Auditors will often run simple tools or manual tests to see whether tracking changes when they reject non-essential cookies. If nothing changes, the banner is effectively cosmetic.

Practical fix: run a basic tag-by-tag mapping:

  • Export your tag manager configuration.
  • For each tag: purpose, category (necessary/analytics/marketing), and the consent signal it relies on.
  • Test a few pages with “accept all” and “reject all” and compare network calls and cookies actually set.

3. Gap: Withdrawals and preference changes

Many organisations can show consent being collected but struggle to demonstrate how withdrawals and preference changes are handled.

  • No clear “change cookie settings” link outside the banner.
  • Preference changes that do not actually disable the underlying tags.
  • No documentation to show how long it takes to apply opt-outs.

From a regulator’s standpoint, withdrawing consent must be as easy as giving it — and it must have a real effect.

Practical fix: pick a test user and walk through the full flow (accept → browse → reject) and confirm:

  • Marketing/analytics calls stop after opt-out.
  • Your CMP logs capture the preference change clearly.

4. Gap: Dark patterns and nudging in the UI

Even when the underlying tech is sound, banner design itself can create risk. Regulators focus on dark patterns — designs that steer users toward “accept all”.

Red flags include:

  • “Accept all” as a primary button while “Reject” is hidden or harder to find.
  • No “reject all” at the same level as “accept all”.
  • Language implying refusal will break the site when it won’t.

Practical fix: capture 1–2 iterations with screenshots and a short note explaining why the current design is fairer.

5. Gap: Vendor transparency & TCF signals

Many organisations rely on vendor lists (and sometimes frameworks like TCF) but can’t explain how vendors are controlled or what is shared.

Typical issues:

  • Vendor lists out of date compared to what’s implemented.
  • No documentation of which vendors are active per region/product.
  • Consent strings generated but never validated in real tests.

Practical fix: maintain a lightweight tracking & vendors register linking each vendor to:

  • Purpose and category
  • Regions where active
  • Consent signal / legal basis used

What “good” looks like to an auditor

  • You understand where tracking happens.
  • You can produce logs and change history without panic.
  • You have clear ownership and a realistic improvement plan.

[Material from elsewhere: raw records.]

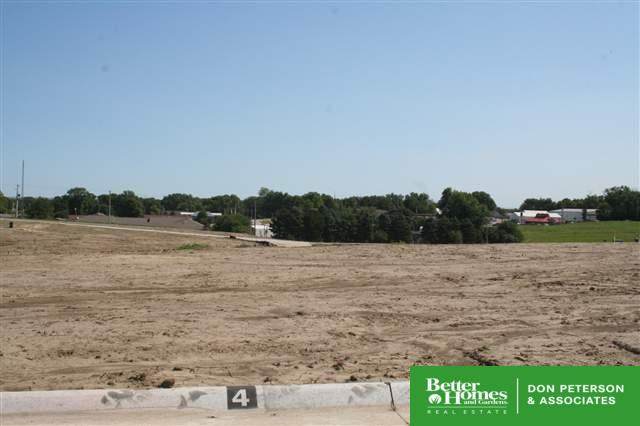 507 Leblanch - Photo 1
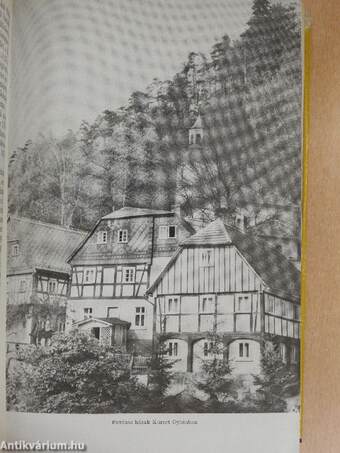 Német Demokratikus Köztársaság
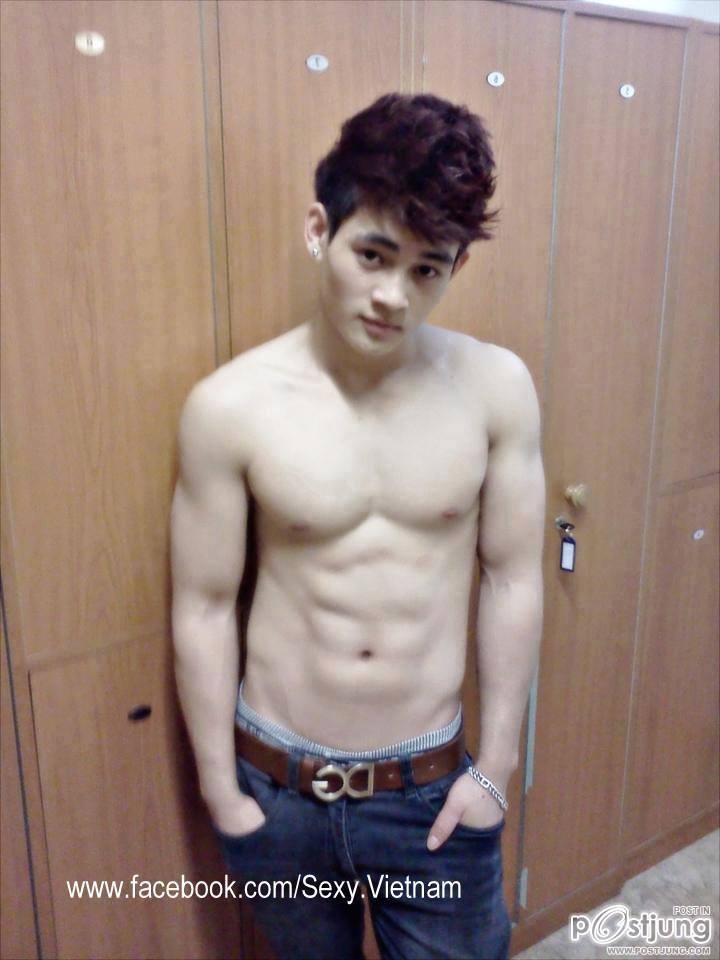 ถอดโชว์เรือนร่าง 612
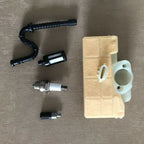 Tune Up Kit for Trimmer Lawnmower 029 039 Chainsaw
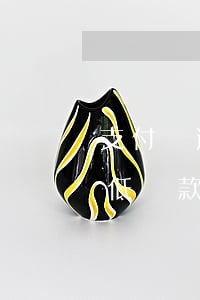 支付寶逾期幾天還能最低還款(支付寶還完最低還款額算逾期嗎)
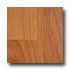 Anderson Savannah Homespun Hardwood Flooring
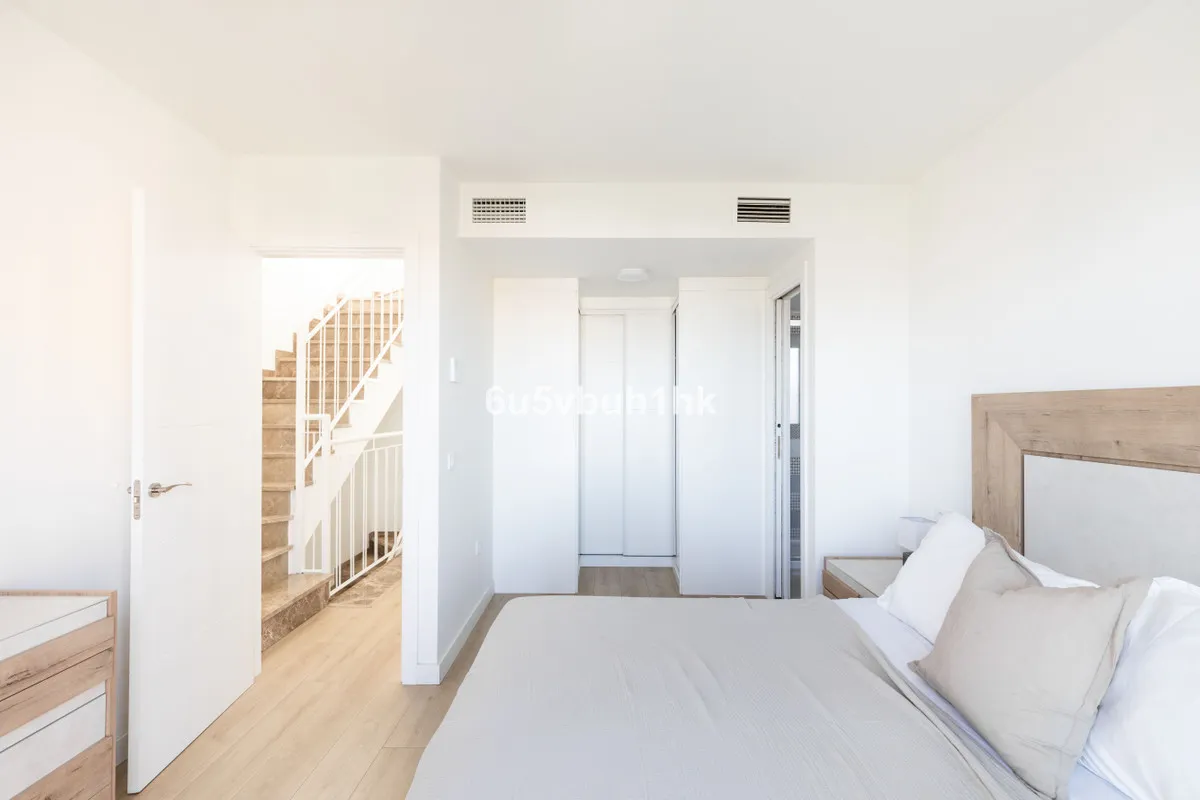 c6a4a347-1a67-46e1-9757-e31b7a3a7a97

A 90-day plan to tighten cookie evidence

  1. Weeks 1–4: Inventory & testing (map tags, test accept/reject, document mismatches).
  2. Weeks 5–8: Fix big gaps (re-wire tags, remove obvious dark patterns, align vendor lists).
  3. Weeks 9–12: Evidence & playbooks (log guide, evidence pull steps, add checks to campaigns).

Common pitfalls to avoid

  • “We changed the banner, so we’re done.” Evidence often fails in logs and tag configuration underneath.
  • One-off scans only. Without ownership and follow-up, results become shelfware.
  • Silos. Cookie compliance spans privacy, marketing, product and engineering.

What to do next

Start with a lightweight review of CMP configuration, tag mapping and logs. Then pick a few high-impact fixes that improve the evidence story — even if the stack isn’t perfect yet.

This article is for general information only and does not constitute legal advice. Always seek specific advice for your organisation and jurisdictions where you operate.